High-level description

The cassiopeia/simulator directory contains a collection of classes and modules for simulating various aspects of single-cell lineage tracing experiments. These simulators can generate synthetic phylogenetic trees, spatial data, lineage tracing data, and perform leaf subsampling. The main components include:

  1. Tree simulators (e.g., BirthDeathFitnessSimulator, CompleteBinarySimulator)
  2. Data simulators (e.g., Cas9LineageTracingDataSimulator, BrownianSpatialDataSimulator)
  3. Leaf subsamplers (e.g., UniformLeafSubsampler, SpatialLeafSubsampler)
  4. Specialized simulators (e.g., ecDNABirthDeathSimulator)

These simulators provide a framework for generating synthetic data to test and validate lineage reconstruction algorithms and analysis methods.

What does it do?

The cassiopeia/simulator directory provides tools to:

  1. Generate synthetic phylogenetic trees with various growth models and fitness effects.
  2. Simulate lineage tracing data, including Cas9-based editing and sequential recording.
  3. Create spatial data for cells in a lineage tree.
  4. Subsample leaves from a tree to mimic experimental sampling or create supercellular states.
  5. Simulate specialized scenarios like extrachromosomal DNA (ecDNA) evolution.

These simulators allow researchers to create realistic in silico datasets that mimic the complexities of real single-cell lineage tracing experiments.

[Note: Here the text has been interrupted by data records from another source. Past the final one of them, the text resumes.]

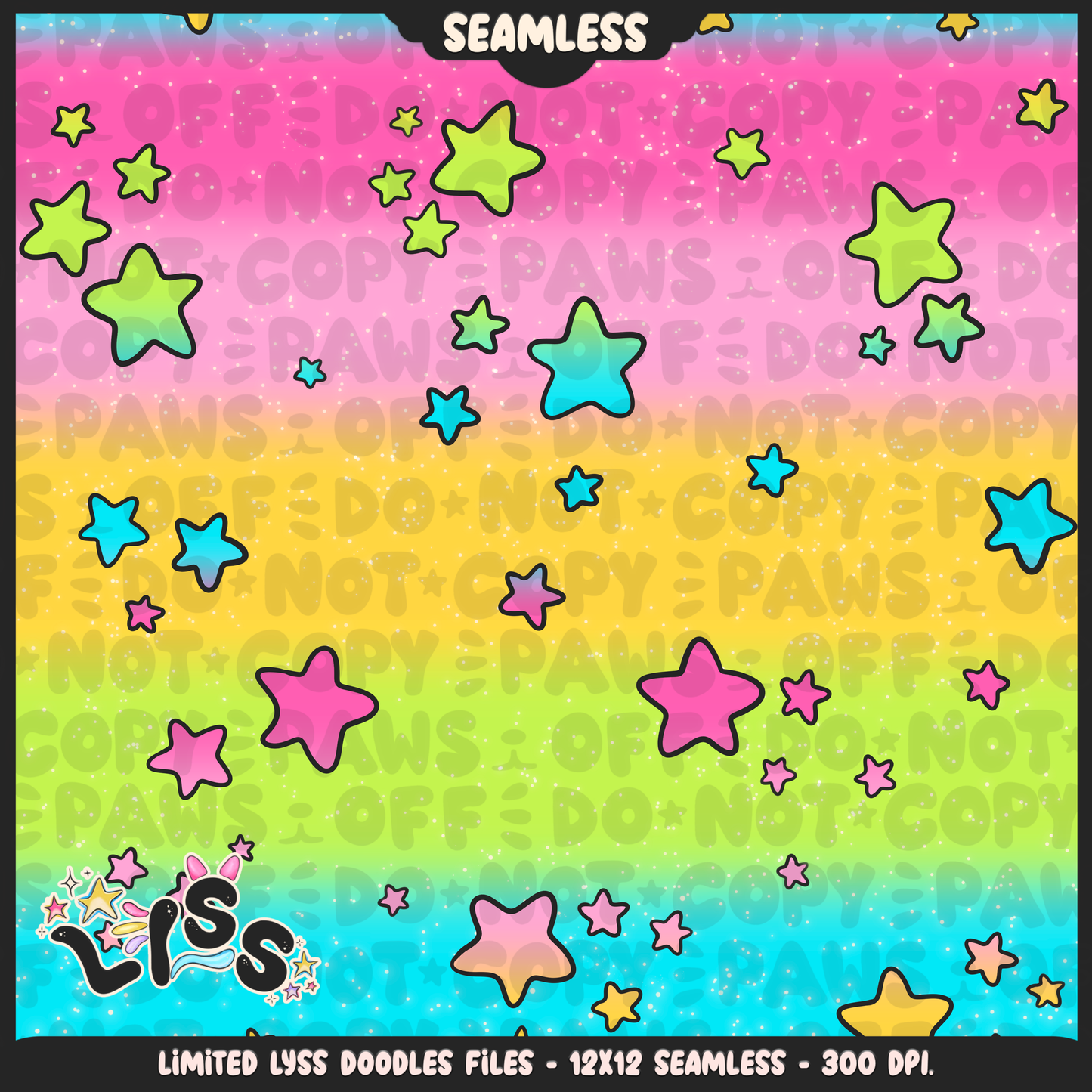 2023 - Lyss Doodles - Seamless - Coordinates - Poke Collab - Eve - 23LD023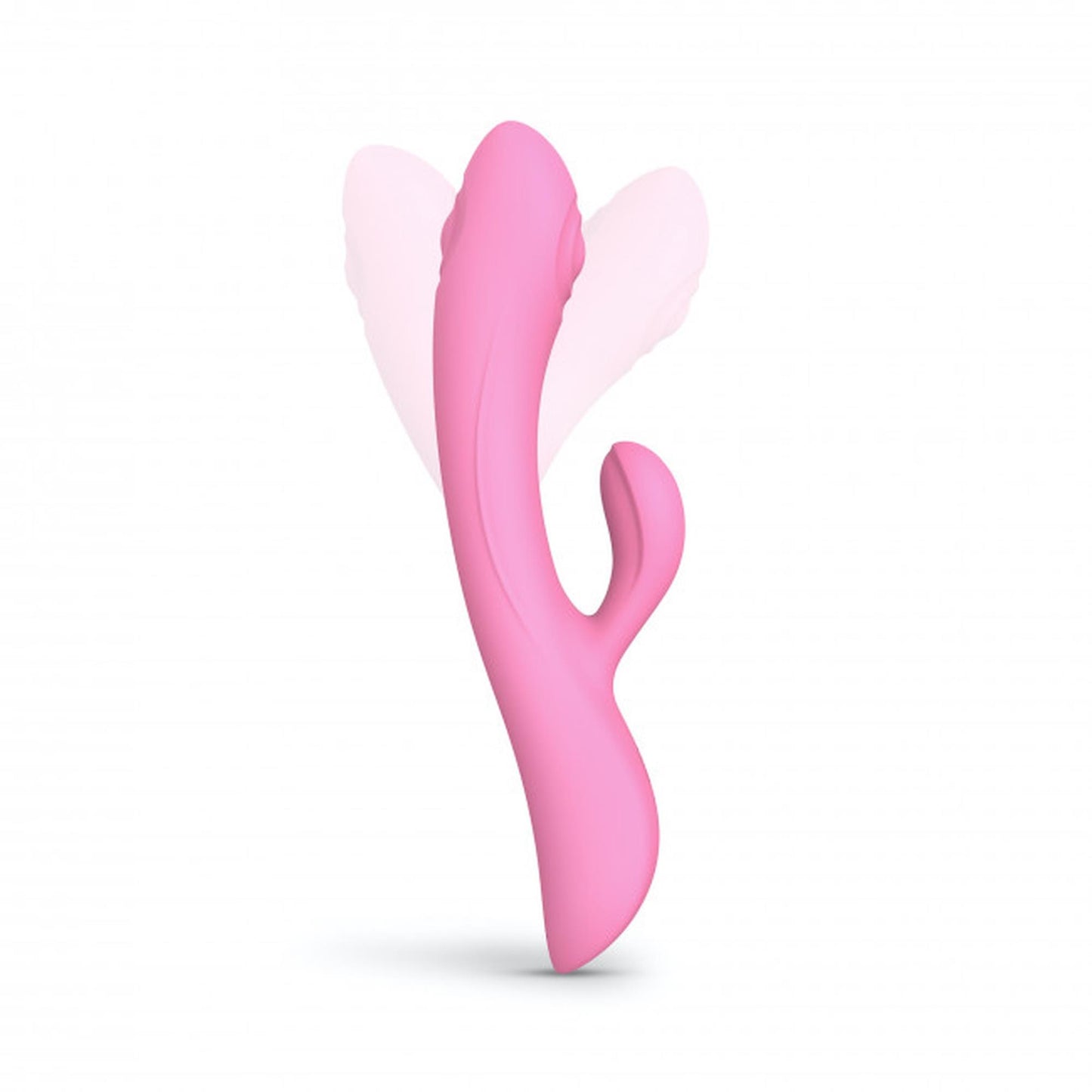 3-Masażer Łechtaczki Wibrator Bunny & Clyde - Pink-3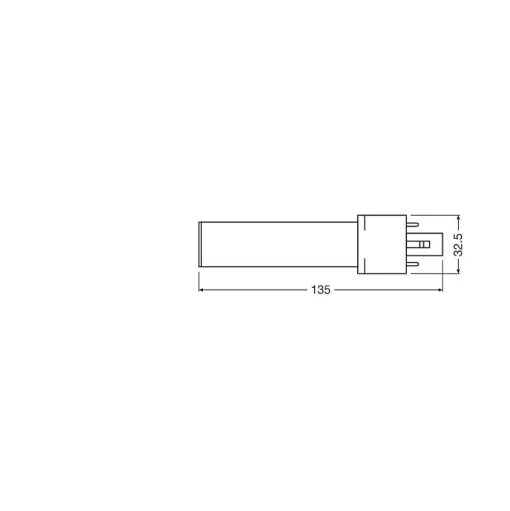 Osram Dulux G23 3,5 Watt 4000 Kelvin 400 Lumen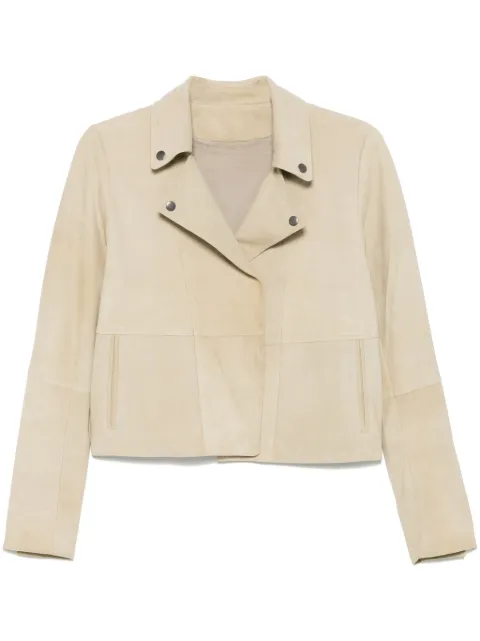 Frenckenberger suede jacket Neutrals S24560SA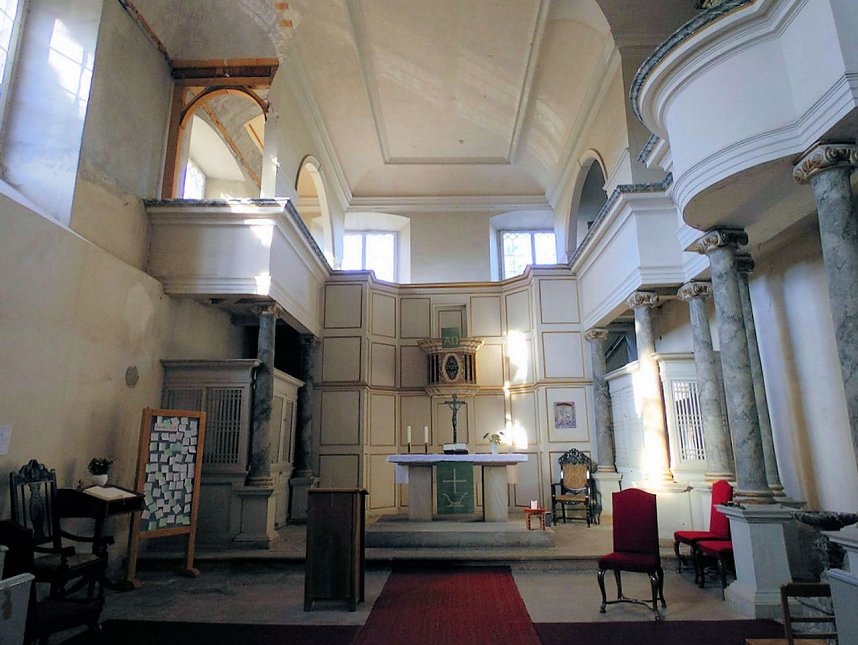 Peter Blei unterwegs im Kloster Michaelisstein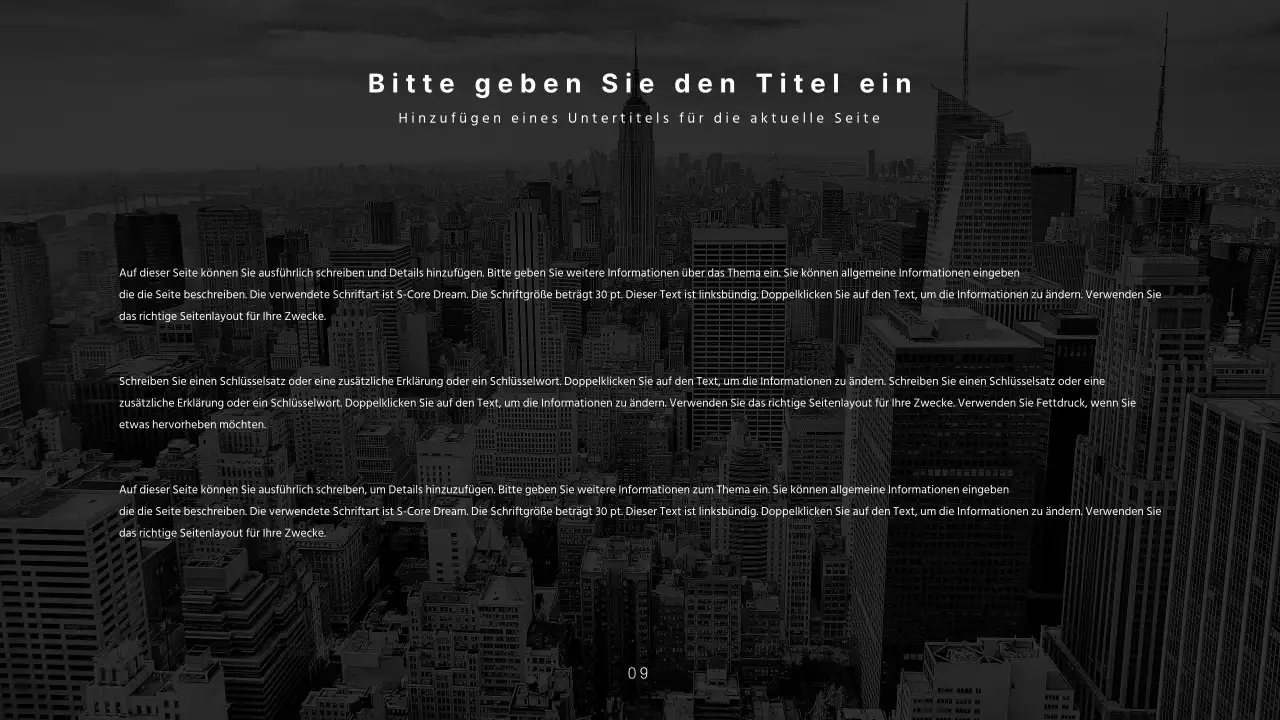 Saubere Präsentationen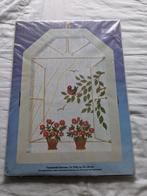 Borduurpakket bloemetjes vogel Fensterbild Sommer (BTW), Ophalen of Verzenden, Nieuw, Handborduren, Borduurpakket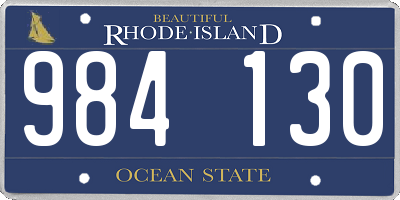 RI license plate 984130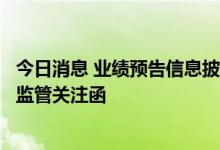 今日消息 业绩预告信息披露不准确，超华科技收广东证监局监管关注函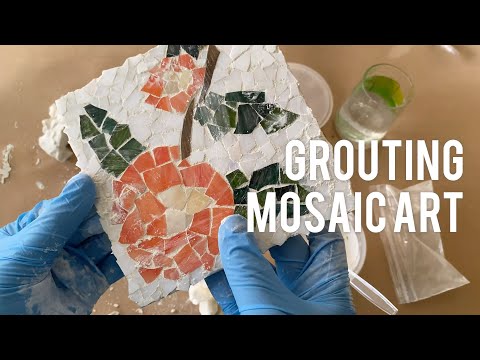 How to Grout Mosaic Art (Learn from my Mistakes)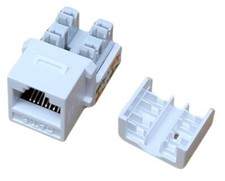 Keystone Jack CAT6 White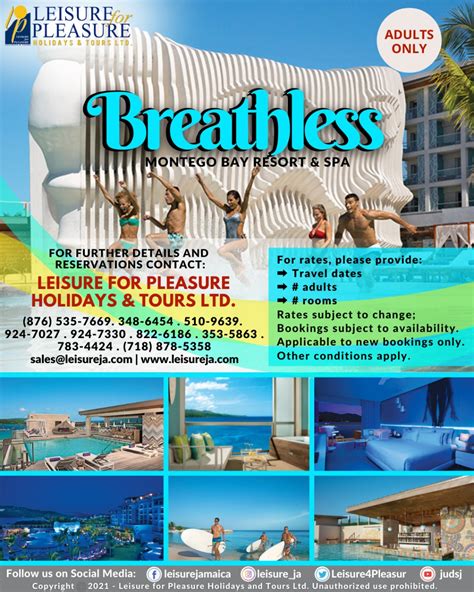 Breathless Jamaica Hotel Specials - Adults Only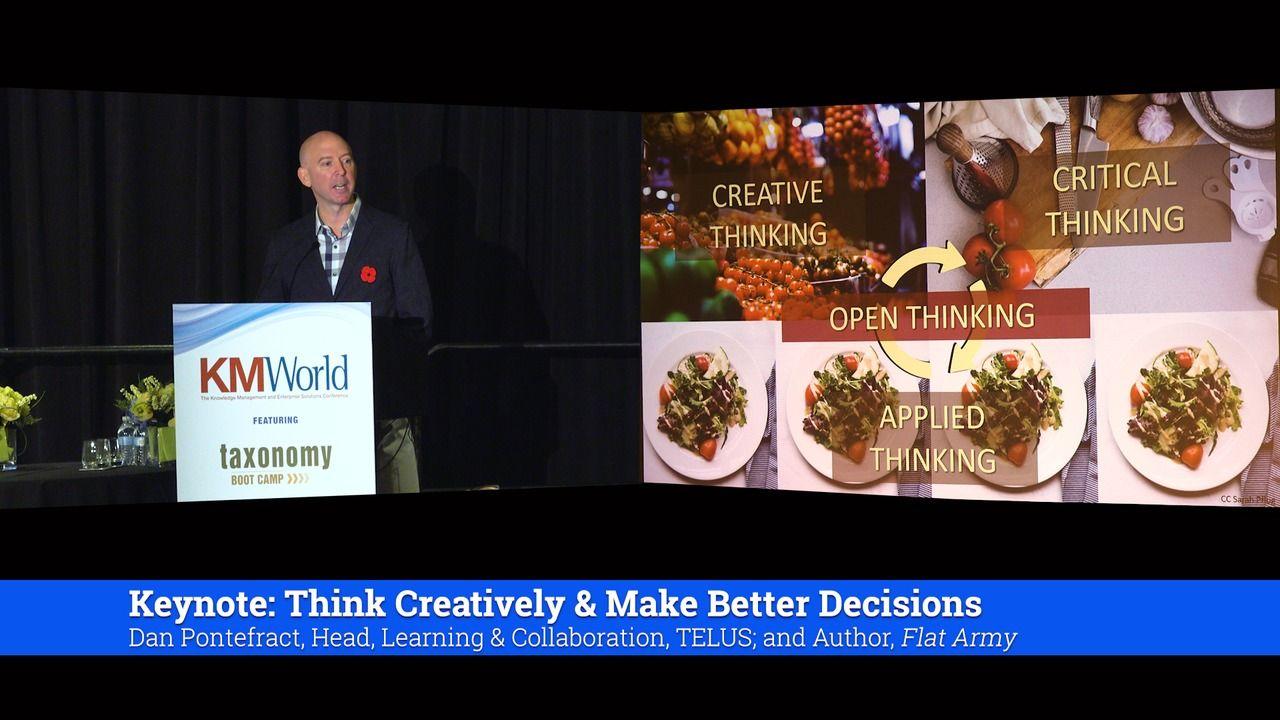 KMWorld Logo - Keynote: Think Creatively & Make Better Decisions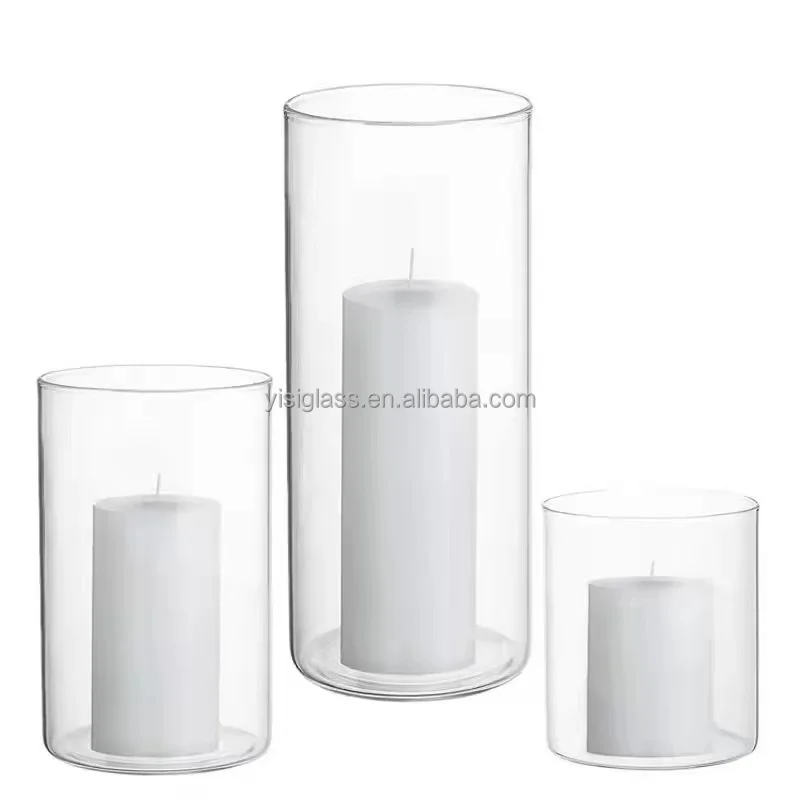 High borosilicate transparent glass flower vase for home decor small vase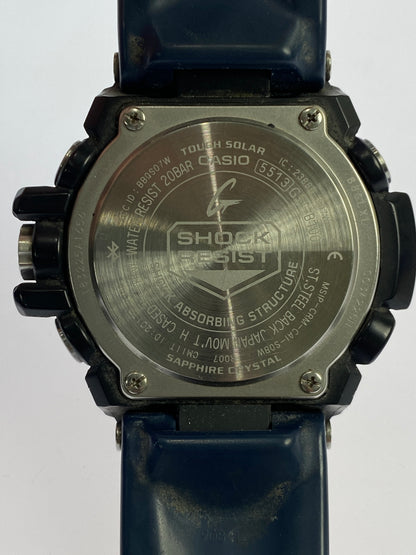 【中古品】【メンズ】 G-SHOCK ジーショック G-STEEL ANALOG SOLAR BLUETOOTH WATCH GST-B100-1AJF Gスティール アナログ ソーラー ブルートゥース ウォッチ 腕時計 メンズ カシオ 196-260510-em-16-min カラー：ブラック/ブルー 万代Net店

By generating ground truth phylogenies and associated data, researchers can evaluate the performance of reconstruction algorithms, test hypotheses about evolutionary processes, and explore the effects of different experimental designs and parameters.

Entry points

The main entry points for using the simulators are:

  1. TreeSimulator abstract base class: This is the starting point for implementing new tree simulation models.
  2. DataSimulator abstract base class: This is the base class for implementing new data simulation models.
  3. LeafSubsampler abstract base class: This is the base class for implementing new leaf subsampling strategies.

Concrete implementations of these base classes, such as BirthDeathFitnessSimulator, Cas9LineageTracingDataSimulator, and UniformLeafSubsampler, provide specific simulation and subsampling functionalities.

The __init__.py file in this directory serves as the main interface for importing and using the various simulator classes.

Key Files

  1. BirthDeathFitnessSimulator.py: Implements a birth-death process with fitness variations for tree simulation.
  2. Cas9LineageTracingDataSimulator.py: Simulates Cas9-based lineage tracing data.
  3. BrownianSpatialDataSimulator.py: Generates spatial data for cells using a Brownian motion model.
  4. UniformLeafSubsampler.py: Implements uniform random subsampling of leaves from a tree.
  5. ecDNABirthDeathSimulator.py: Simulates the evolution of cell populations with extrachromosomal DNA.

These files contain the core implementations of various simulation and subsampling strategies, each addressing different aspects of single-cell lineage tracing experiments.

Dependencies

The simulator modules rely on several external libraries:

  1. networkx: Used for graph operations and tree manipulations.
  2. numpy: Used for numerical computations and random number generation.
  3. pandas: Used for handling data structures like character matrices.
  4. scipy: Used for various scientific computing tasks, including spatial algorithms.
  5. sklearn: Used for nearest neighbor searches in spatial simulations.

Additionally, the simulators depend on other parts of the Cassiopeia package, particularly the cassiopeia.data.CassiopeiaTree class for representing and manipulating phylogenetic trees.

Configuration

Most simulator classes accept various parameters during initialization to configure their behavior. Common configuration options include:

  1. Simulation duration or stopping conditions (e.g., experiment_time, num_extant)
  2. Mutation rates and distributions
  3. Fitness parameters
  4. Spatial simulation parameters (e.g., diffusion_coefficient)
  5. Subsampling ratios or target numbers of leaves

These parameters allow users to fine-tune the simulations to match specific experimental scenarios or test different hypotheses about evolutionary processes.

In conclusion, the cassiopeia/simulator directory provides a comprehensive set of tools for generating synthetic single-cell lineage tracing data, enabling researchers to test and validate analysis methods, explore experimental designs, and gain insights into the underlying biological processes.